7. Somut olayda davacı vekili dava dilekçesinde, 2019 yılının ilk ayından itibaren geçerli olmak üzere müvekkilinin davalı Kurumda çalışması devam ettiği sürece aylık ücretinin içinde bulunduğu dönemin brüt asgari ücretinin %35 fazlası olduğunun ve toplu iş sözleşmesi hükümleri gereği her 6 ayda bir yapılacak olan zam tutarlarının bu ücret üzerinden yapılması gerektiğinin tespiti talebiyle birlikte bu sebeple doğan fark alacaklarını talep etmiştir. Davacının tespite yönelik açıklanan talebi ayrı bir dava değil, ön sorundur.

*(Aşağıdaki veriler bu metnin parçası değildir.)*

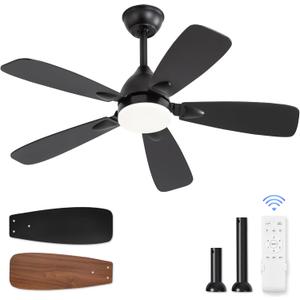 LEDIARY Ceiling Fans with Lights,42 inch Ceiling Fans with Lights and Remote,3CCT,6 Speeds,Reversible DC Motor,Noiseless,Small Black Ceiling Fan for Bedroom Living Room and Patio, Indoor/Outdoor Use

Dolayısıyla ayrı bir dava gibi değerlendirilip ayrıca tespit hükmü kurulması da hatalıdır.
VI. KARAR
Açıklanan sebeplerle;
1. Bölge Adliye Mahkemesince verilen 05.01.2024 tarihli ek kararın BOZULARAK ORTADAN KALDIRILMASINA,
2. Temyiz olunan, İlk Derece Mahkemesi kararına karşı istinaf başvurusunun esastan reddine ilişkin Bölge Adliye Mahkemesi kararının ORTADAN KALDIRILMASINA,
3. İlk Derece Mahkemesi kararının BOZULMASINA,
Dosyanın kararı veren İlk Derece Mahkemesine, bozma kararının bir örneğinin kararı veren Bölge Adliye Mahkemesine gönderilmesine,
26.03.2024 tarihinde oy birliğiyle karar verildi.